Prime Minister Chou: The Soviet Embassy is probably less concerned with security than intelligence or KGB activities.

Ambassador Bruce: I think they probably are KGB guards. You are right.

Prime Minister Chou: And they don’t admit that they are such if you bring up the subject.

Secretary Kissinger: That’s the problem.

Prime Minister Chou: This is the first time I knew of the military being established in diplomatic missions throughout the world. 198 years being established throughout the world. Then when you establish diplomatic relations with a new country, you must notify them of this.

Secretary Kissinger: Yes. Our position has always been that the Embassy is extraterritorial and that we can put anyone in there we want as guards.

Prime Minister Chou: Does that mean that they do not openly make public that they are Marines in other countries?

Secretary Kissinger: In every other country I am familiar with, they wear their uniforms. Because of the concern you have expressed, they are not worn in China. But the guards in embassies all over the world I am familiar with have always been Marines.

Prime Minister Chou: They might not necessarily all be in military uniforms.

Secretary Kissinger: They wore their uniforms here on duty until July 4th.

Prime Minister Chou: They are internal? They don’t stand outside the gate?

Ambassador Bruce: We have a PLA at the gate. They wear their uniform only inside the building.

Prime Minister Chou: So that is something new to me.

[Page 420]

Ambassador Bruce: One of their difficulties is they live in an apartment and they put up a poster saying anyone that wants to join the Marine Corps will have a perfectly wonderful life. [Laughter all around] They got no recruits. [Laughter all around]

Prime Minister Chou: Then do all other countries agree to your tradition?

Secretary Kissinger: I know of no exception. Uganda threw out our Marines two days before everyone left.

Prime Minister Chou: I read about that in the papers.

Secretary Kissinger: But I don’t believe there is any other exception. It is an easily solved issue anyway.

Prime Minister Chou: Yes, it can be easily solved. First of all, they would not contact others, that is, persons other than those of the Liaison Office, in the name of the Marines.

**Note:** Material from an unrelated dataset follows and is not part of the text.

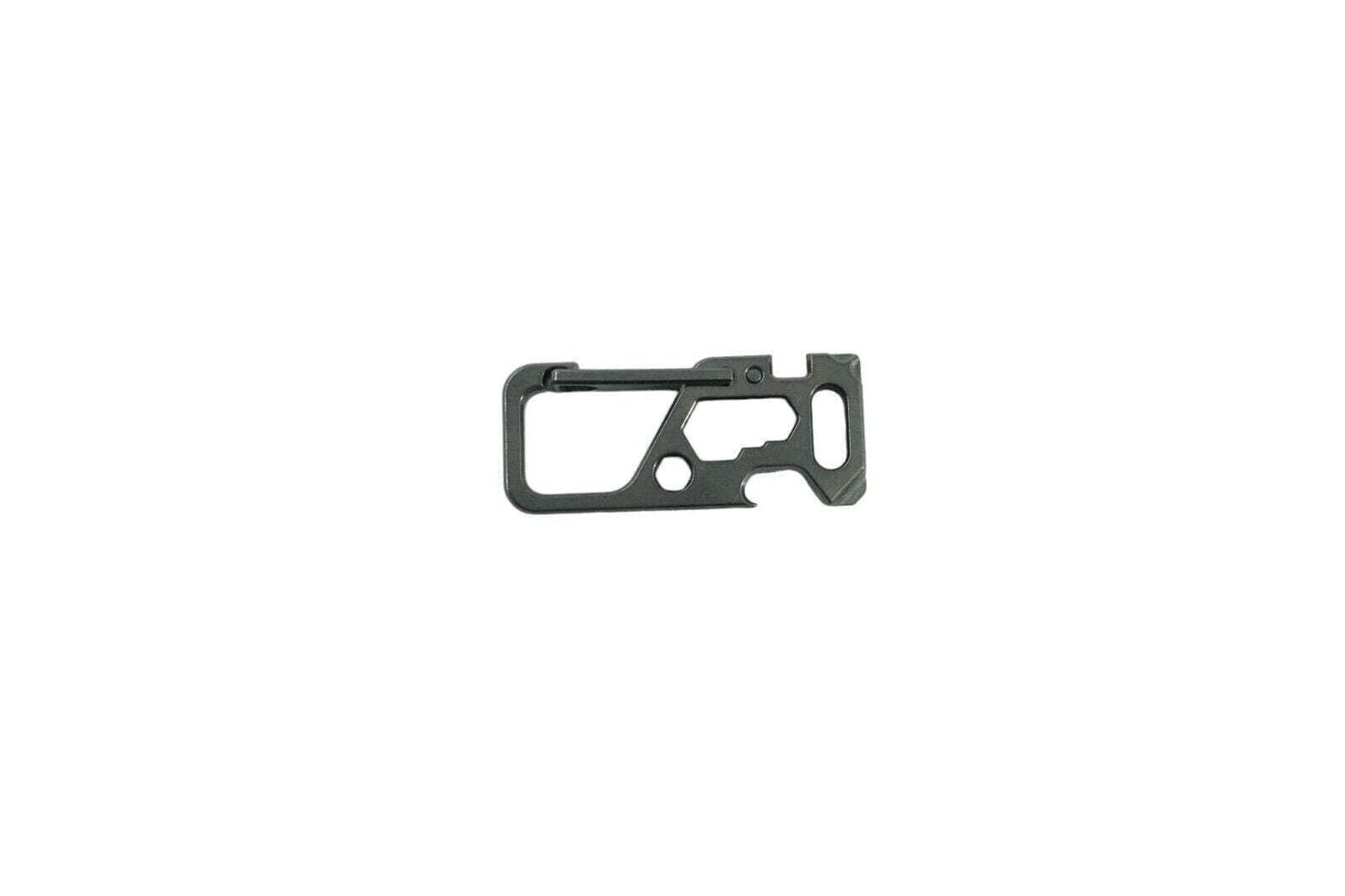 Titanium Multi-Tool Carabiner Keychain, Heavy-Duty, Lightweight, Rugged, Phillip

Ambassador Bruce: I have got to confess that these Marines are a gay lot of people. There are six of them in one room. [Ambassador Bruce tells about their dances and the fact that their female neighbors appreciated it.] [Laughter all around]

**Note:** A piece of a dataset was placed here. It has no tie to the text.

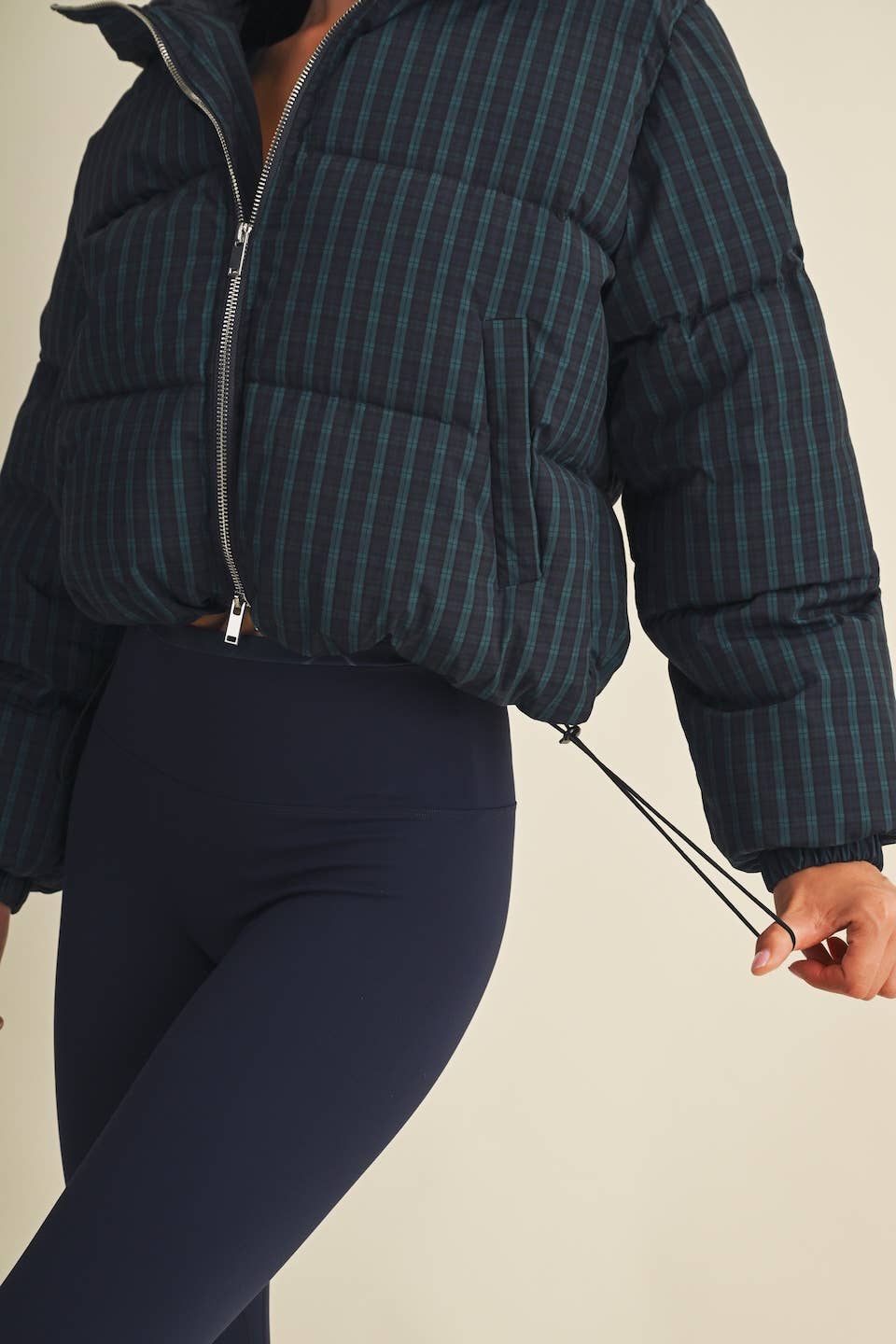 Plaid Puffer Jacket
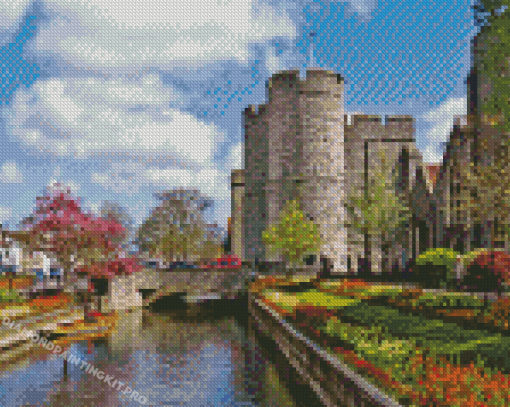 Weekend In Canterbury Kent City Diamond Paintings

[Secretary Kissinger aside to Cmdr. Howe: Can’t you square this away with Zumwalt? We are not running a rest camp. They have just got to be brought under control.]

Prime Minister Chou: There is some good from the study of historical matters and traditions but on the other hand, the customs of a sovereign country must be respected. We must try to find some and settle between the two. For instance, we are not accustomed to such matters. In other countries we have internal security but not the PLA.

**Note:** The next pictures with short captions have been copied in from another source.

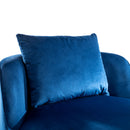 360 Degree Swivel Over Sized Upholstered Barrel Chair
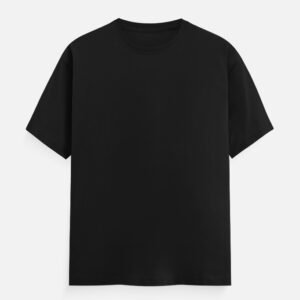 Black Regular Fit T-shirt | Basic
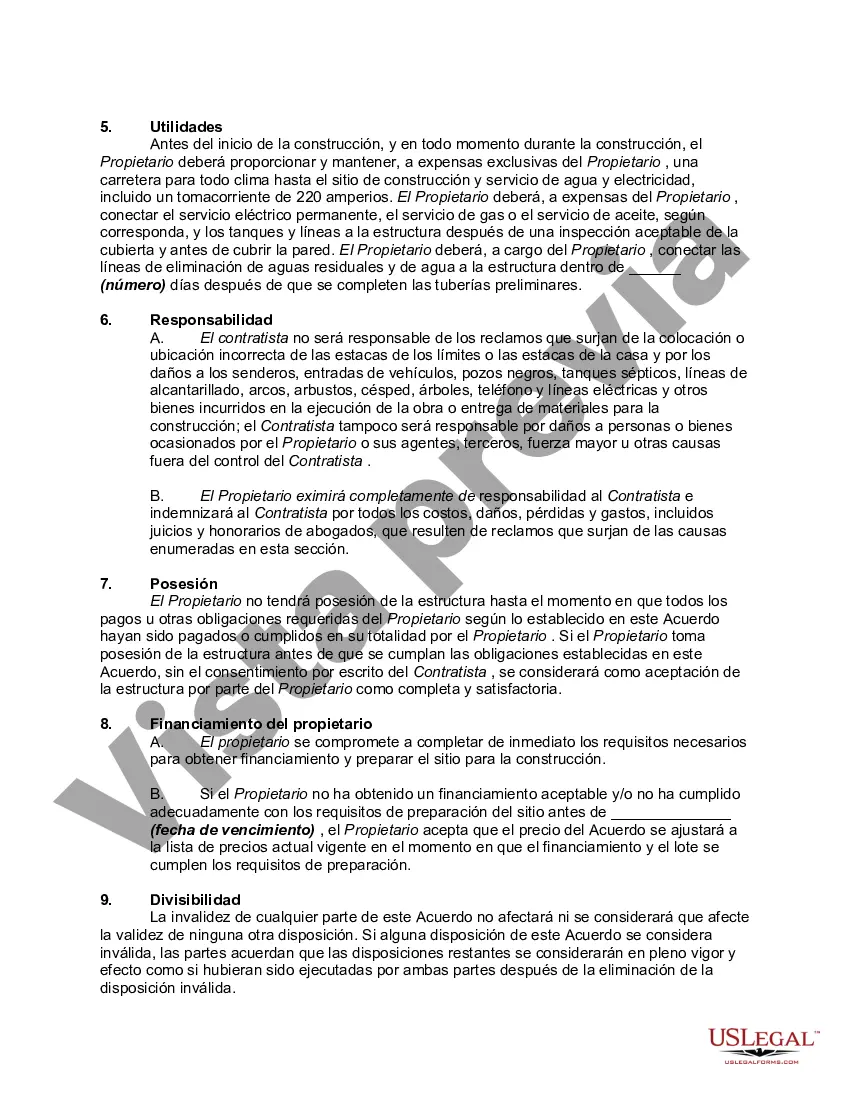 Preview Contrato o Convenio para la Construcción de una Residencia o Vivienda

Secretary Kissinger: I would hate to think what would happen in Washington if members of the People’s Liberation Army showed up to protect their office. So I have to say with regard to logic, you are absolutely right.

Ambassador Bruce: [Tells about the fact that when the Marines couldn’t wear their uniforms, they had to buy civilian clothes and DOD wouldn’t pay for civilian clothes so they had a morale problem.]

Secretary Kissinger: We shouldn’t spend our time on this. If you agree to let them stay and you tell us what you want us to do, we will see what is possible. If those six can’t live without a dance floor, then we will get six who can. So if you would tell us exactly what you want us to do, then we can handle them. We will tell them what they can do.

Prime Minister Chou: The first thing we believe is that it would be best if they do not wear military uniforms. We do not care if they switch out of civilian clothes in their bedroom. But when they come out, we do not wish to see them in uniforms. As for their weapons, they will need them only for internal security purposes. I hope they [Page 421] will not carry them on the streets or outside the Liaison Office. We do not care if they are not Marines. We would show no preference as to whatever persons you would like to pick. Indeed, we do think it would be quite sensational if the People’s Liberation Army would appear in Washington. [Laughter all around]

Secretary Kissinger: It might even take some attention away from Watergate.

Prime Minister Chou: It might also be interesting to put some of our Red Guards in Washington. Perhaps your long-haired youth would pay visits to them. We think that at the early stage of having established Liaison Offices (our goal) is to work in a harmonious way and not create trouble for each other.

Southeast Asia

Secretary Kissinger: I have one point I just wanted to mention. I think a major offensive in Vietnam would be against everyone’s interest, especially if it were done with weapons provided massively from outside. We are certainly using our influence with our friends to maintain restraint.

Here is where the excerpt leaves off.